Researchers from the Toyota Research Institute, Columbia University, and MIT have successfully trained robots to perform new tasks quickly using a technique called imitation learning combined with generative AI. They have made strides in expanding generative AI technology beyond text, images, and videos into the realm of robot movements.
Other companies, such as Covariant, have also utilized generative AI in their robotics projects. Covariant’s RFM-1 model is multimodal, capable of interpreting prompts in various forms such as text, images, videos, robot instructions, or measurements. This technology enables robots to understand instructions and generate corresponding images or videos.
One key factor in enhancing robot skills is the availability of data. While large AI models like GPT-4 benefit from vast amounts of internet data, robots require specific data collected for their use. Initiatives like the Open X-Embodiment Collaboration by Google DeepMind aim to address this issue by collecting data from various robots to enhance their learning capabilities.
Recent studies have shown that increased data leads to smarter robots. Researchers developed the RT-X model, available for local use or web access, which was pretrained with internet data to build a foundational visual understanding. When tested on different robots, the RT-X model demonstrated a 50% increase in successful skill acquisition compared to individual lab-developed systems.

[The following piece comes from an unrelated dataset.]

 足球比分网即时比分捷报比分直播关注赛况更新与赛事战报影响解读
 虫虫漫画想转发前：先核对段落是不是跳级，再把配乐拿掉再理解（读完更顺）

For further insights, check out the full story.
Deeper Learning
Generative AI has the potential to transform cherished memories into realistic photos that never existed.
Take Maria, for example, who grew up in Barcelona during the 1940s. Her childhood memories of her father are clear, including visiting him in a neighbor’s apartment overlooking a prison where he was held for political reasons. While no photo exists of Maria on that balcony, she can now experience a simulated memory-based reconstruction through generative AI.